# ASSIGNMENT
Take the lines in the listing below from the line with "The Milky Way" up to and including the line with "Cars and teams in pits, Albert Park? (1953?)" and set them down exactly, skipping pictures and adding nothing.

MATERIAL PROVIDED Start Marker

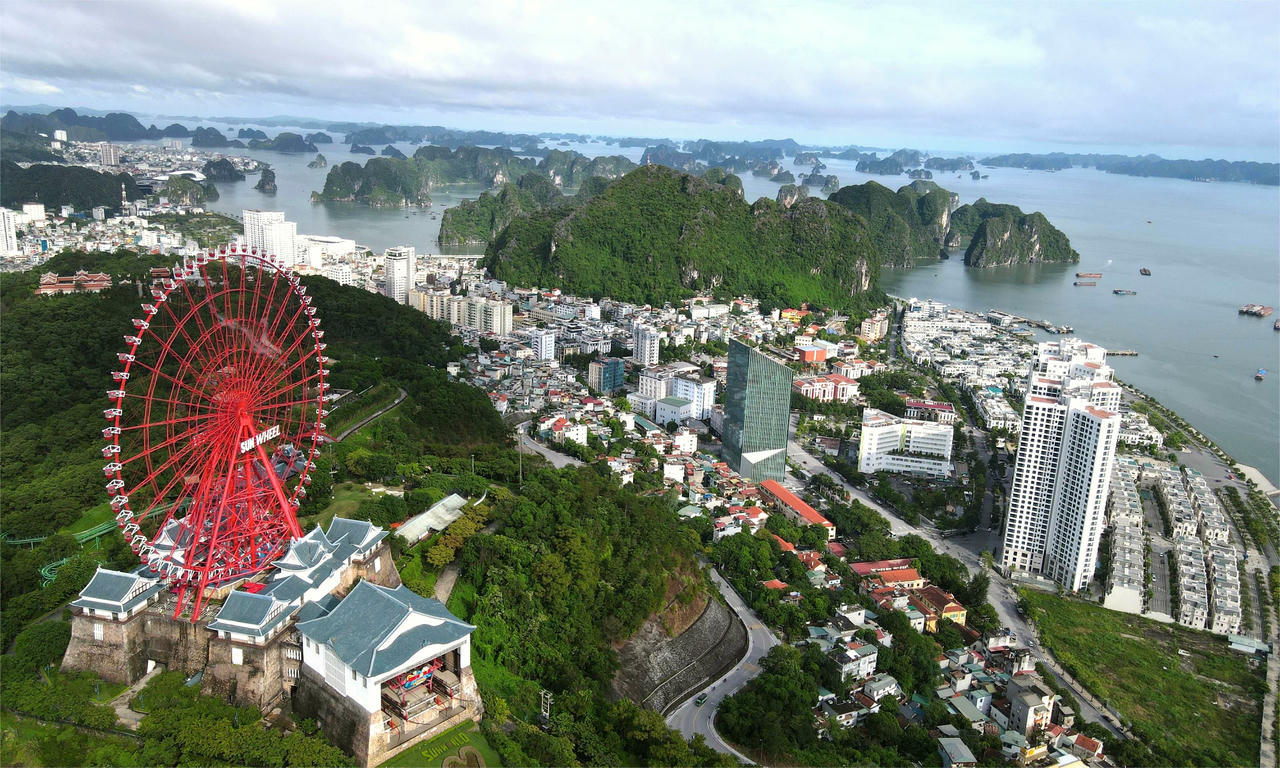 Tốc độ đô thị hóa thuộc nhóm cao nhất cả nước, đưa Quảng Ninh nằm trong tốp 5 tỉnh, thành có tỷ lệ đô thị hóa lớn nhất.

MATERIAL PROVIDED End Marker
MATERIAL PROVIDED Start Marker

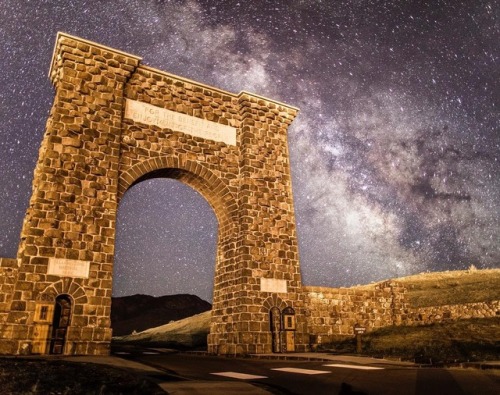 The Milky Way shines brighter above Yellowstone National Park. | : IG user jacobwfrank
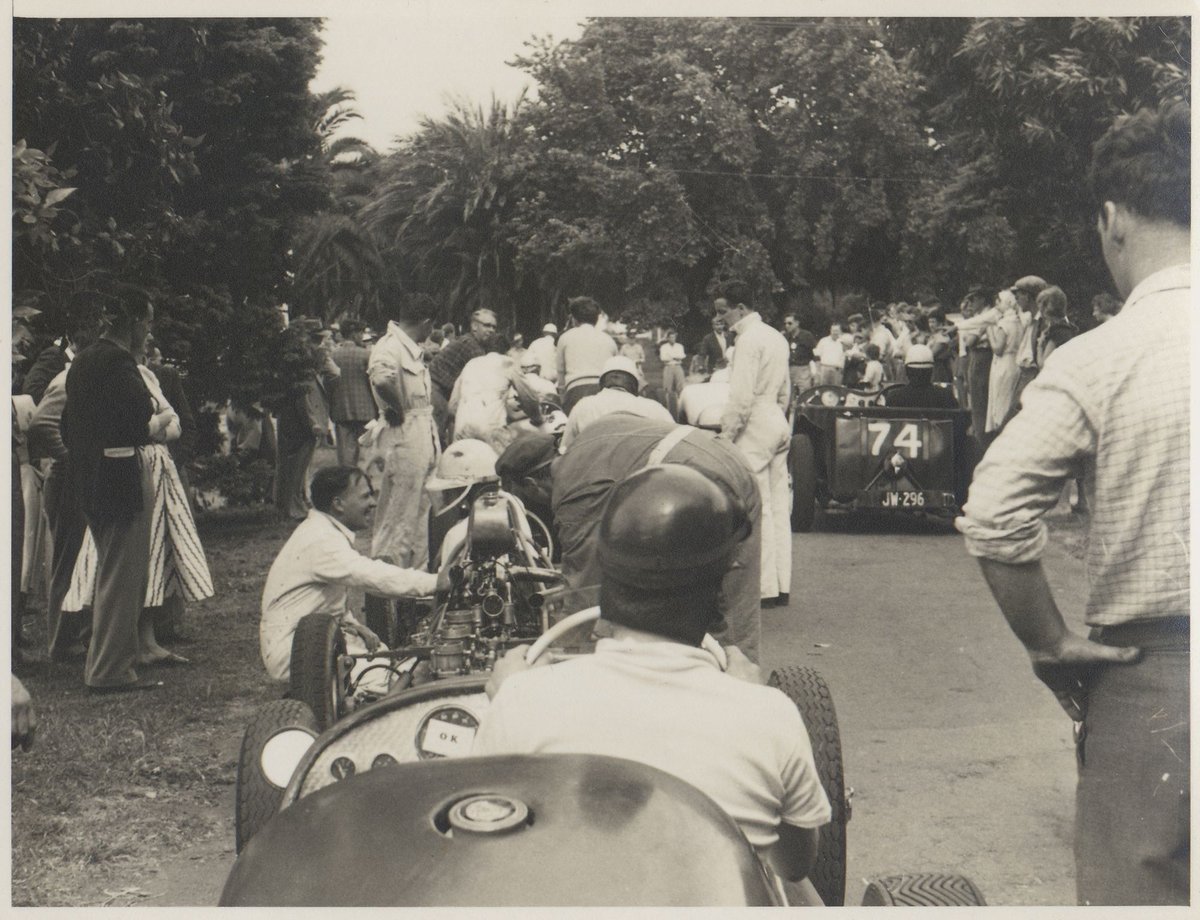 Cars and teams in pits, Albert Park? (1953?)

MATERIAL PROVIDED End Marker

# PROBLEM SOLUTION
 The Milky Way shines brighter above Yellowstone National Park. | : IG user jacobwfrank
 Cars and teams in pits, Albert Park? (1953?)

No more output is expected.